Een combinatie van online en on-campus hoorcolleges en/of werkcolleges is mogelijk.
Het studiemateriaal bestaat uit weblectures, slides, een reader met verplichte en aanbevolen literatuur en video’s. Deze worden aangereikt via Canvas. De reader bestaat onder meer uit een selectie van hoofdstukken uit ‘Repertorium van de Architectuur in België van 1830 tot heden’ (Anne Van Loo, 2003, Mercatorfonds) en ‘The Future or Architecture since 1889. A Worldwide History’ (Jean-Louis Cohen, 2016, Phaidon). Deze literatuur wordt verder aangevuld met tijdschriftartikels en hoofdstukken uit boeken van diverse auteurs (o.a. William Curtis, Kenneth Frampton, Bill Addis, Sigfried Giedion, etc.)
Volgende leerresultaten worden beoogd in dit opleidingsonderdeel:
1.Van neostijlen tot modernisme: stromingen beschrijven, situeren en herkennen
1a/ BESCHRIJVEN > Behalve de belangrijkste vormelijke eigenschappen en materiële innovaties die elke stroming kenmerken, kan ik de voornaamste concepten, canonieke gebouwen en protagonisten benoemen en uitleggen, gebruik makend van de geëigende woordenschat.
1b/ SITUEREN > Ik kan de verschillende stromingen en bijhorende concepten, sleutelprojecten en protagonisten relateren aan en evalueren binnen de historische, technologische, artistieke, socio-economische, culturele, politieke en maatschappelijke context waarbinnen ze tot stand kwamen.
1c/ HERKENNEN > Wanneer ik geconfronteerd word met een (onbekend) gebouw, kan ik dit op basis van een visuele analyse positioneren binnen de juiste stroming.
2. Architect, ingenieur, aannemer, producent en opdrachtgever: de bijdrage van verschillende actoren aan het bouw- en ontwerpproces begrijpen, interpreteren en ontleden
2a/ BEGRIJPEN > Aan de hand van belangrijke kantelmomenten en ontwikkelingen met betrekking tot de opleiding, taken en verantwoordelijkheden van de architect, ingenieur en aannemer, kan ik de verschuivingen en evolutie van deze beroepsprofielen samenvatten.
2b/ INTERPRETEREN > Ik kan de belangrijke evoluties in de 19de en 20ste eeuwse bouwcultuur toelichten, waaronder de ontwikkeling en toepassing van nieuwe materialen en bouwtechnieken, en de invloed ervan op het ontwerp- en bouwproces illustreren aan de hand van concrete voorbeelden.
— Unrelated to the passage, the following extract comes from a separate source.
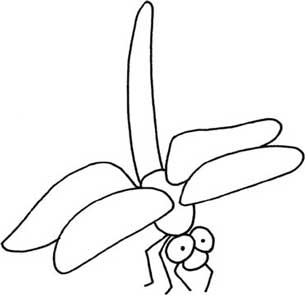 蜻蜓简笔画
2c/ ONTLEDEN > Voor concrete projecten kan ik, op basis van bestaande documentatie, de bijdrage van verschillende actoren ontleden en de meerwaarde van innovatieve materiaaltoepassingen en interdisciplinaire samenwerkingen toelichten.
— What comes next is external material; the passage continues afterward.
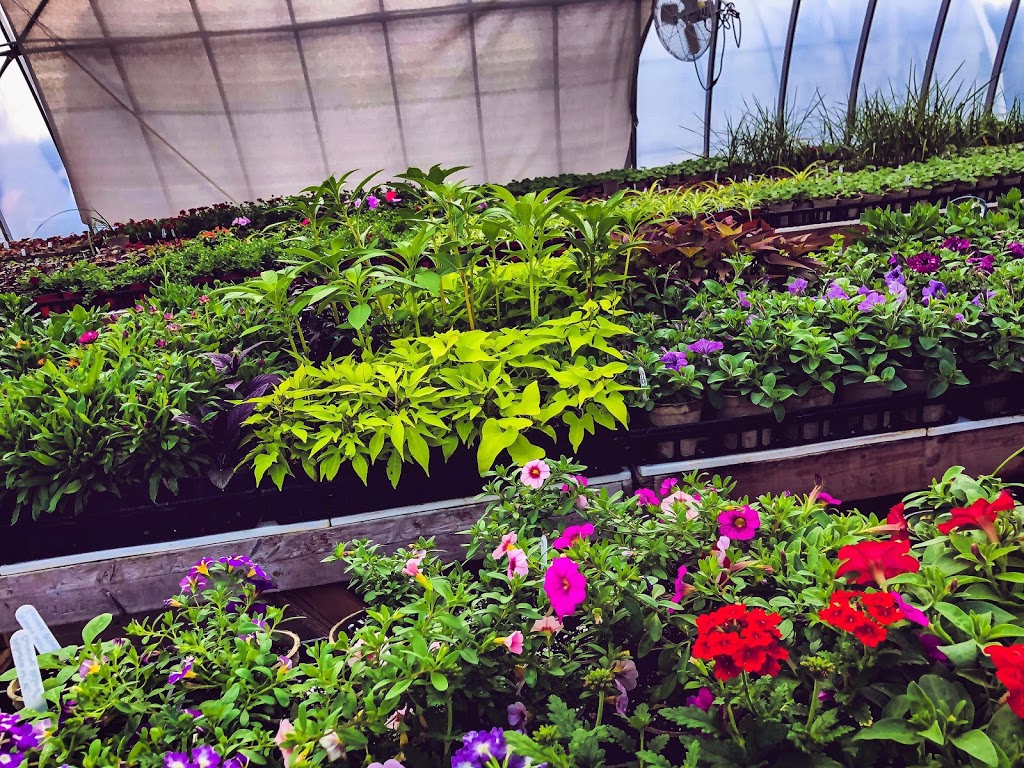 Souch Paradise Greenhouse | 84619 Button Line, Brussels, ON N0G 1H0, Canada | Phone: (226) 222-6216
3. Van bron tot gebouwd object (en omgekeerd): bouwhistorisch onderzoek, analyse en uitwerking
3a/ ONDERZOEK > Bij de uitvoering van bouwhistorisch onderzoek kan ik, zelfstandig en in team, via specifieke kanalen en met geijkte onderzoeksmethodes, relevant bronnenmateriaal verzamelen (primaire en secundaire literatuur, archiefmateriaal, gebouwd object), en hier op een correcte manier naar refereren.
3b/ ANALYSE > Het gevonden onderzoeksmateriaal kan ik, onder begeleiding, met een open blik en op een wetenschappelijke manier analyseren, vergelijken en kritisch beoordelen (o.a. naar inhoudelijke relevantie, betrouwbaarheid, authenticiteit en originaliteit).
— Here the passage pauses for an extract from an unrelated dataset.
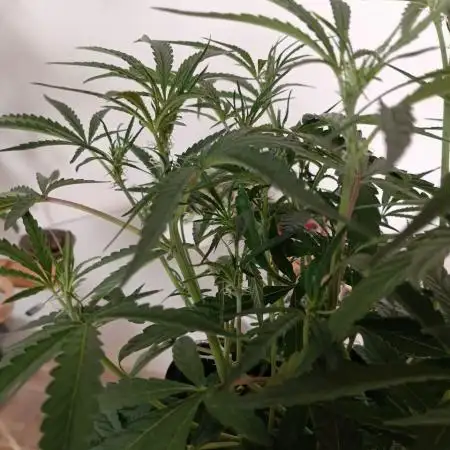 Permanent Marker Auto // Blimburn seeds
3c/ UITWERKING > Het resultaat van het bouwhistorisch onderzoek en analyse kan ik integreren en uitwerken tot een paper en presentatie die voldoet aan academische vereisten (m.b.t. opbouw, vraagstelling, wetenschappelijk karakter); dit houdt ook in dat kritisch kan reflecteren over mijn eigen werk en dat ik mondeling, schriftelijk en visueel kan communiceren, gebruik makend van de correcte terminologie en (digitale) tools.
4. Van verleden tot heden: inzicht, interpretatie en reflectie
4a/ INZICHT > Aan de hand van voorbeeldprojecten kan ik in mijn eigen woorden uitleggen op welke manier fijngevoelig inzicht in de historische architectuur- en bouwcultuur ingezet kan worden om een duurzame, respectvolle bijdrage te leveren aan de bebouwde omgeving, in functie van actuele uitdagingen.
4b/ INTERPRETATIE > Door de analyse van verschillende projecten of teksten (vb. uit een andere tijdsperiode of vanuit een ander perspectief) kan ik aantonen hoe een project bepaald wordt door de context en hoe geschiedschrijving een interpretatie is van het verleden, welke gekenmerkt wordt door de specifieke benadering en keuzes van de auteur.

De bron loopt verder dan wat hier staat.